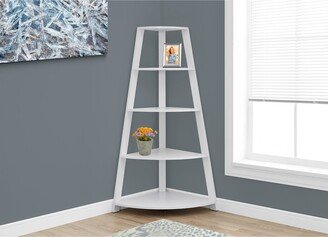 White 60-inch High Corner Accent Etagere Bookcase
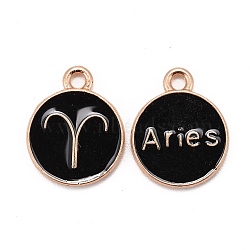 Alloy Enamel Pendants, Cadmium Free & Lead Free, Flat Round with Constellation, Light Gold, Black, Aries, 15x12x2mm, Hole: 1.5mm(X-ENAM-S124-01B-08A)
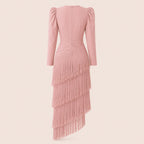 V-Neck Fringe Maxi Jurk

- - - - - - -

*WHAT NEEDS TO BE DONE*: Could you write out the whole listing exactly, skipping every picture?

*RESULT BELOW*:
 White 60-inch High Corner Accent Etagere Bookcase
 Alloy Enamel Pendants, Cadmium Free & Lead Free, Flat Round with Constellation, Light Gold, Black, Aries, 15x12x2mm, Hole: 1.5mm(X-ENAM-S124-01B-08A)
 V-Neck Fringe Maxi Jurk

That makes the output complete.